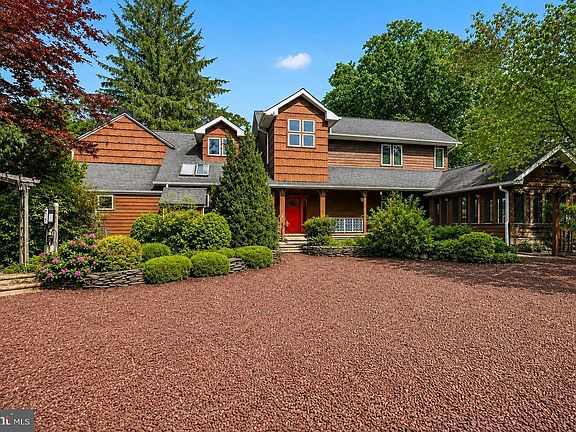 2nd image of 498 Perrineville Rd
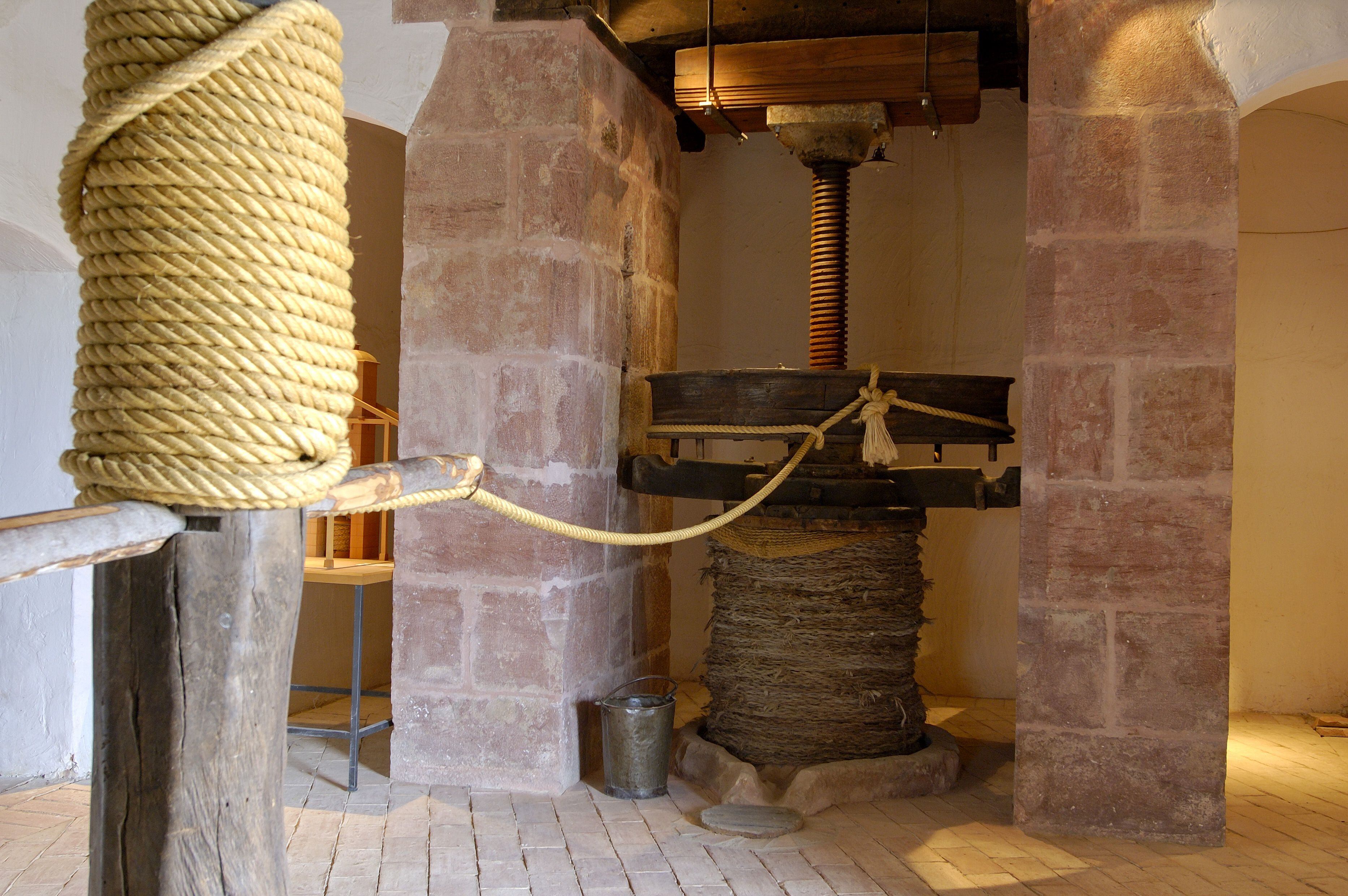 Uno de los molinos expuestos en el Museo de la Cultura del Olivo, cerca de Baeza.
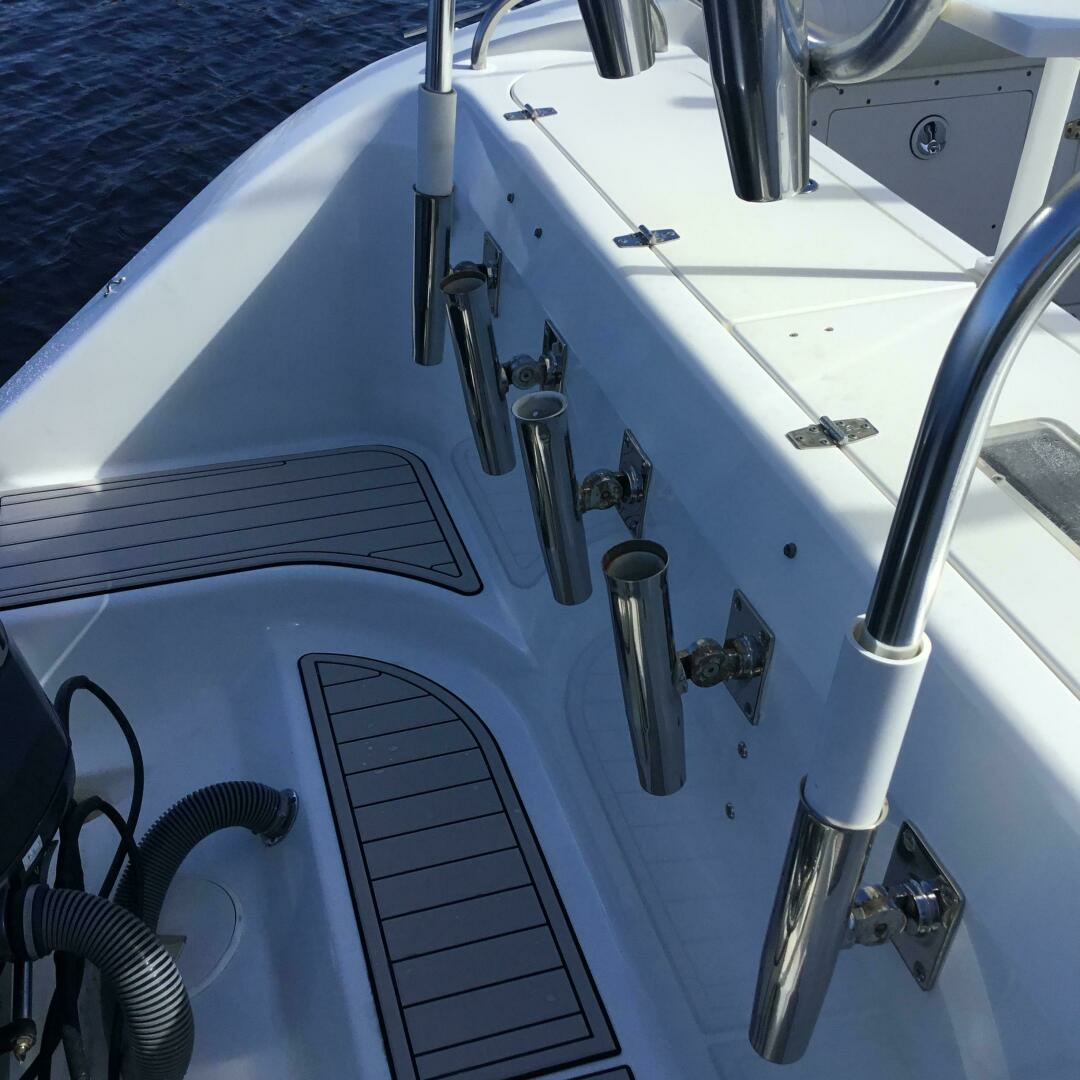 2004 Century 3200 Center Console - Image 4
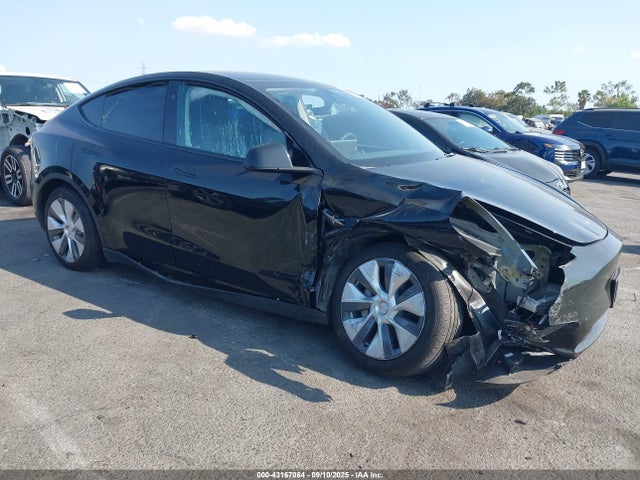 2023 TESLA MODEL Y 7SAYGAEE9PF851348 Photo 0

*****

*WORK REQUEST*.
Only the pictures are to be omitted; restate everything else above exactly.

*WORKED SOLUTION*.
 2nd image of 498 Perrineville Rd
 Uno de los molinos expuestos en el Museo de la Cultura del Olivo, cerca de Baeza.
 2004 Century 3200 Center Console - Image 4
 2023 TESLA MODEL Y 7SAYGAEE9PF851348 Photo 0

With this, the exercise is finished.